PROVIDED RECORDS Start Marker
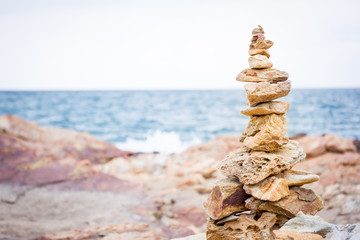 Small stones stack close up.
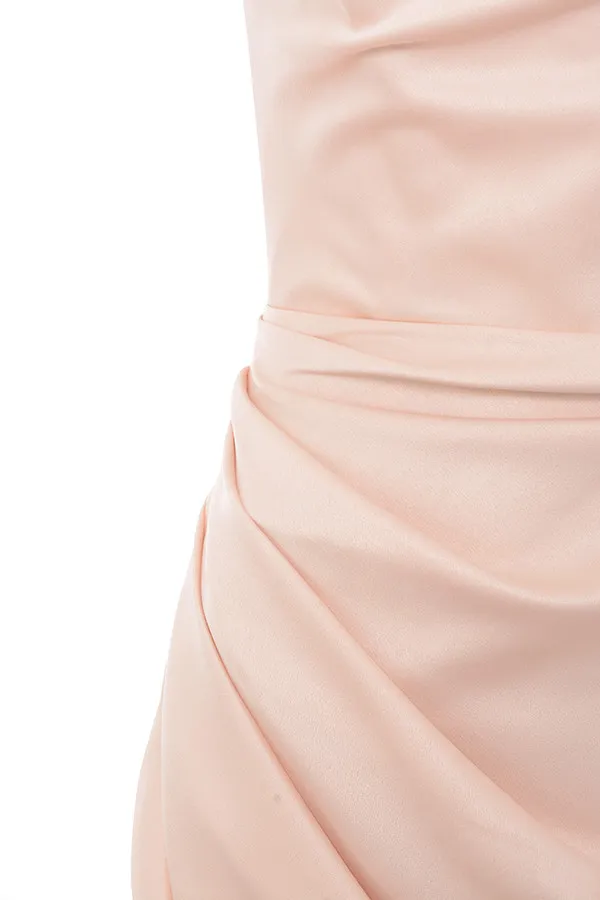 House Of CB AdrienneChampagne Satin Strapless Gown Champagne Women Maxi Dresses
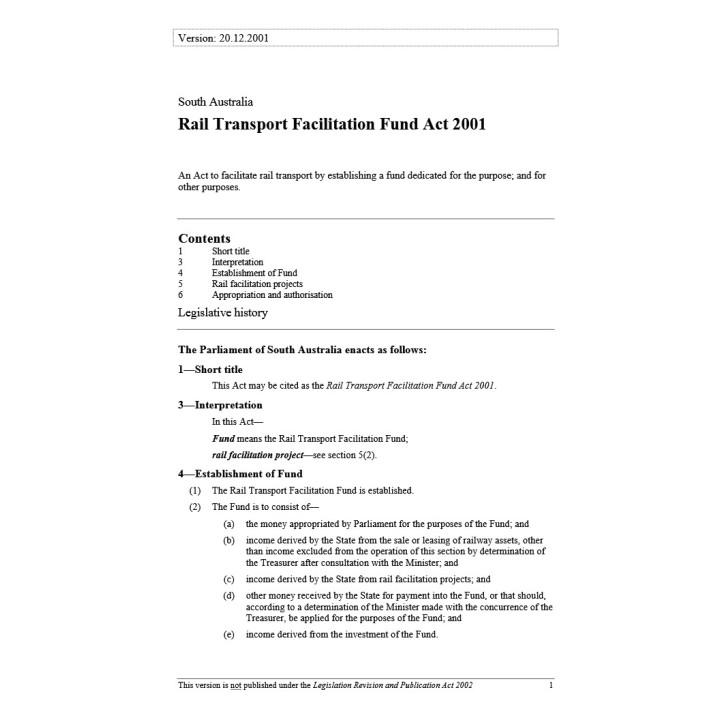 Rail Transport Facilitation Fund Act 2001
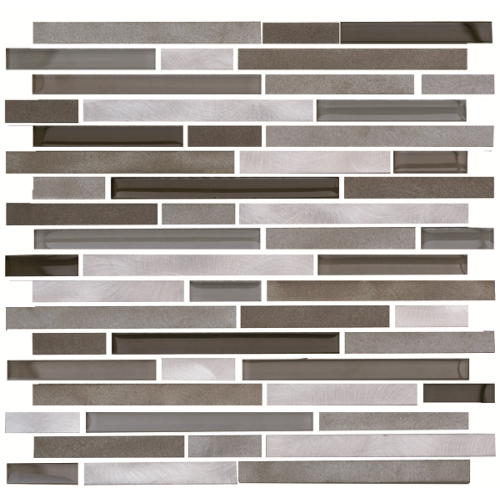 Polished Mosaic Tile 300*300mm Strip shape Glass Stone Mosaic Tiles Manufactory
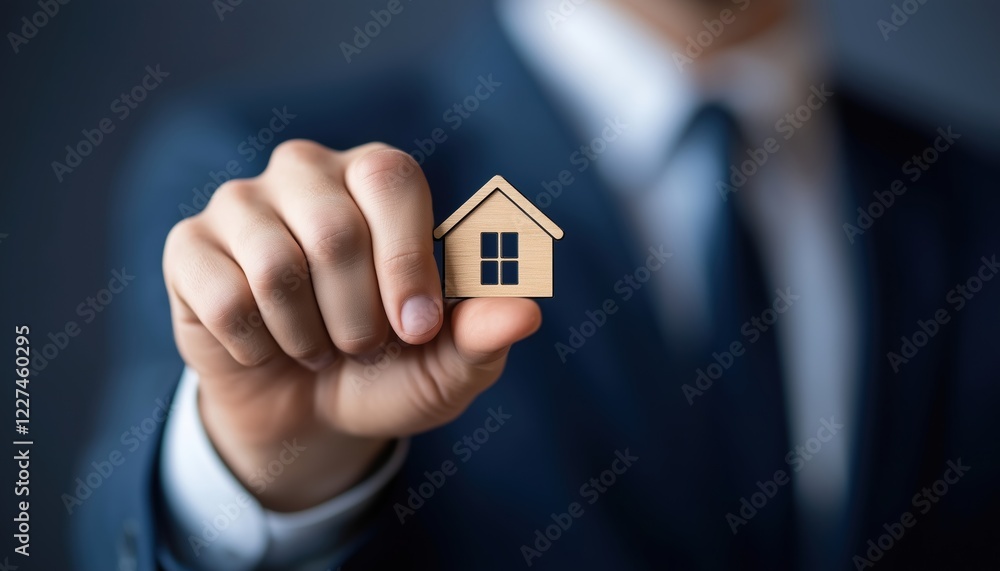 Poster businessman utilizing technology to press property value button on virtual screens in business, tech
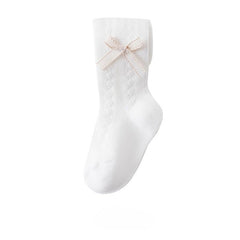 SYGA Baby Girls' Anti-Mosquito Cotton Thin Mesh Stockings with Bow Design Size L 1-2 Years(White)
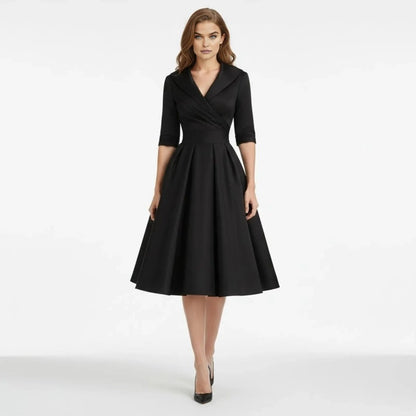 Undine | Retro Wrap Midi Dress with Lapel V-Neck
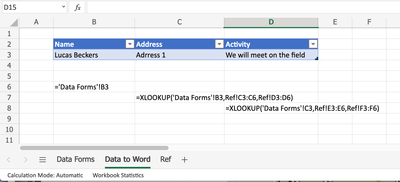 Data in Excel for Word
PROVIDED RECORDS End Marker
REQUIRED WORK: Skip every picture and return the lines above from the top through the one that contains "Polished Mosaic Tile".

OUTPUT:
 Small stones stack close up.
 House Of CB AdrienneChampagne Satin Strapless Gown Champagne Women Maxi Dresses
 Rail Transport Facilitation Fund Act 2001
 Polished Mosaic Tile 300*300mm Strip shape Glass Stone Mosaic Tiles Manufactory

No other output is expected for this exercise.